Poland can’t accept Ukraine’s decision to rename its army unit after UPA heroes, the spokesman says

Poland cannot accept the Ukrainian decision to rename a Ukrainian army unit after UPA heroes, but is ready to “wait a while longer” before revoking Volodymyr Zelensky's Order of the White Eagle, told the President's spokesman Rafał Leśkiewicz to TV Republika.
He emphasised that the final decision regarding the order rests entirely with President Karol Nawrocki, but Poland will still wait for Zelensky to change his decision. He added that “diplomacy likes silence.”
We'll wait a while longer to see if President Zelensky changes his decision. We cannot accept this situation," Leśkiewicz said.
The Spokesman added that President Nawrocki will not make a decision on the order before his upcoming visit to the United States at the invitation of President Donald Trump. Leśkiewicz noted that there had been no direct conversation between the Ukrainian and Polish presidents yet.
He also mentioned that the situation with the unit renaming “has a significant educational dimension,” so this issue is discussed not only in Poland but also abroad.
“We're constantly talking about the UPA, and not just in Poland. We're also taking this discussion to the international forum, which needs to understand why this decision by the President of Ukraine has such a negative impact on Polish-Ukrainian relations. Not just symbolically, but also politically and socially," he says.
More on the controversy
On May 26, President Volodymyr Zelensky issued a decree granting a Separate Special Operations Centre North of the Special Operations Forces of the Armed Forces of Ukraine the honorary name Heroes of the UPA. The document states that the purpose of this decision is to “restore the historical traditions of the national army.”
Lech Wałęsa, former President of Poland and Nobel Peace Prize laureate, reacted to this by removing a pin featuring the Ukrainian flag and accusing Zelensky of “honouring UPA bandits,” thereby “insulting him and all his killed compatriots.”
Bartosz Cichocki, Poland’s former Ambassador to Ukraine, returned the Order of Merit, which President Volodymyr Zelensky had awarded him in 2022. The Ukrainian flag was removed from the town hall building in Lublin, Poland.
Ukraine’s Foreign Ministry stated that for Ukrainian military personnel, “the UPA’s struggle symbolises resistance to Moscow’s imperial policies and is in no way directed against Poles.”

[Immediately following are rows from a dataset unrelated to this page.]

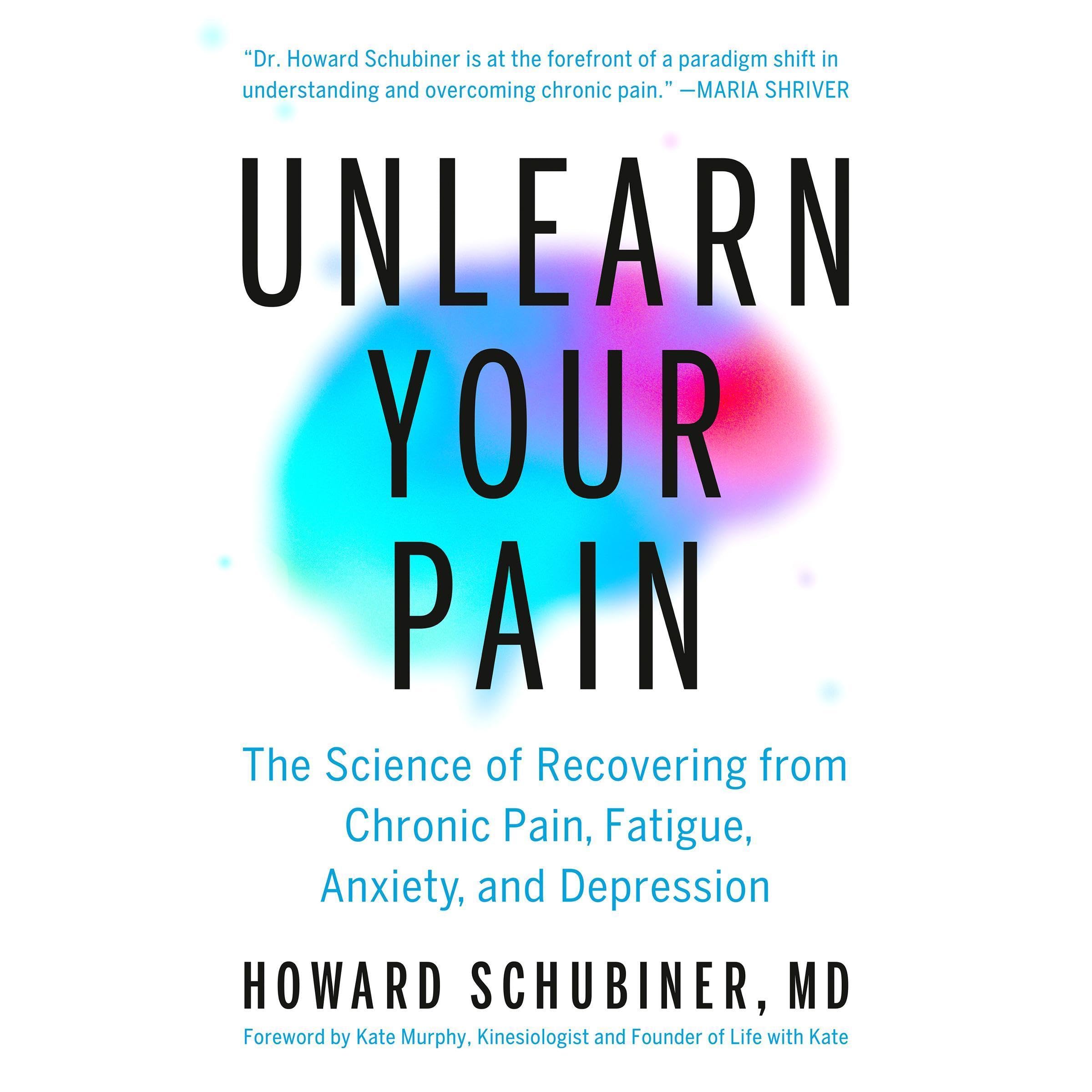 Unlearn Your Pain: The Science of Recovering from Chronic Pain, Fatigue, Anxiety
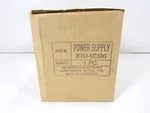* New Matsushita ETU-5E300 Power Supply 5VDC 30A 120 Vac 47-440 Hz 230W. Fixed Price $189.00.
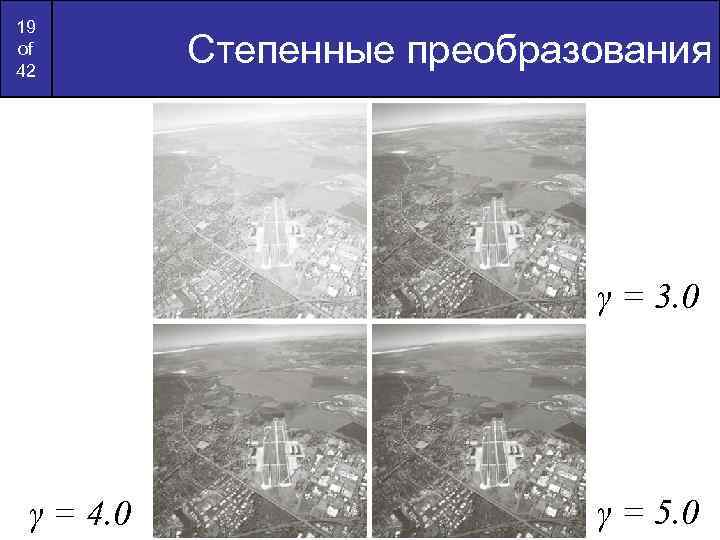 19 of 42 Степенные преобразования γ = 3. 0 γ = 4. 0 γ
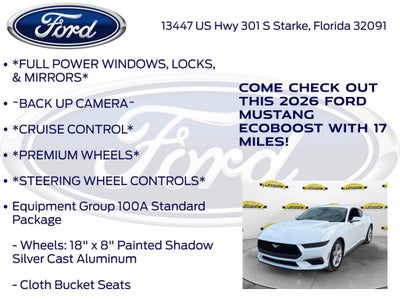 2026 Ford Mustang EcoBoost 100A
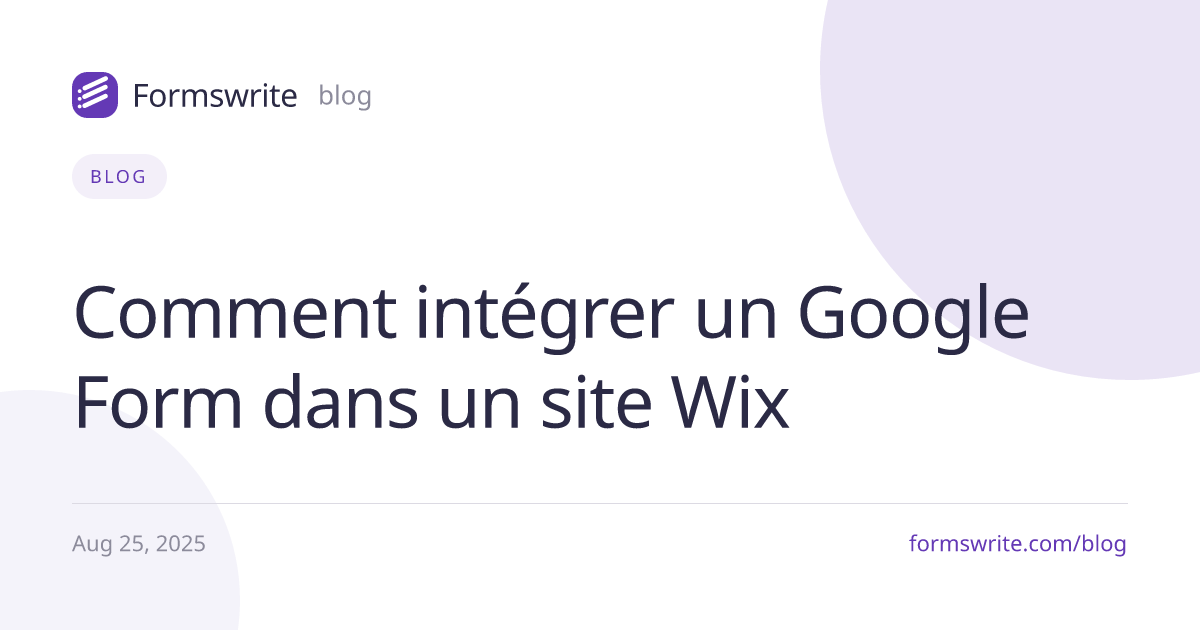 Comment intégrer un Google Form dans un site Wix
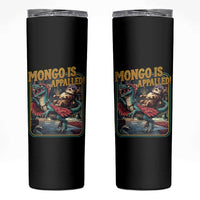 Mongo is Appalled Skinny Tumbler Vintage Princess Donut Riding Mongo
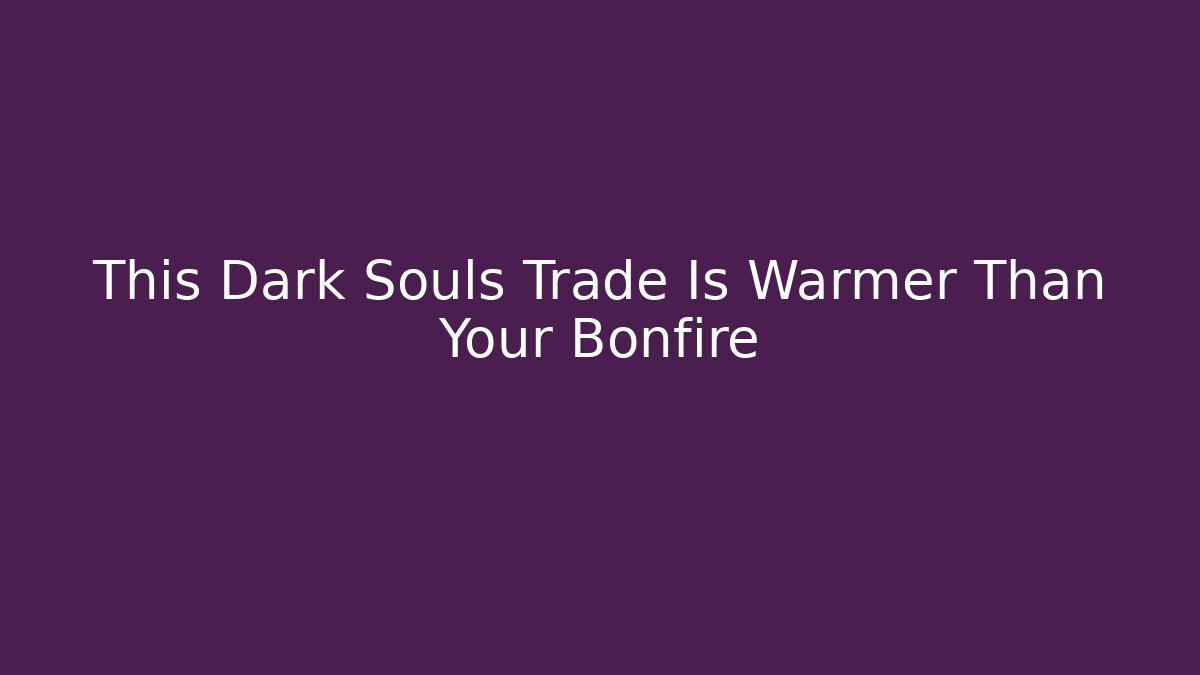 This Dark Souls Trade Is Warmer Than Your Bonfire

Marcin Przydacz, head of the International Policy Bureau at the Office of the President of Poland, said the Ukrainian president should call his Polish counterpart Karol Nawrocki and apologize. Nawrocki himself has called for the Order of the White Eagle (Poland’s highest honour), which was awarded to him in 2023 by then-Polish President Andrzej Duda, to be revoked from the Ukrainian president.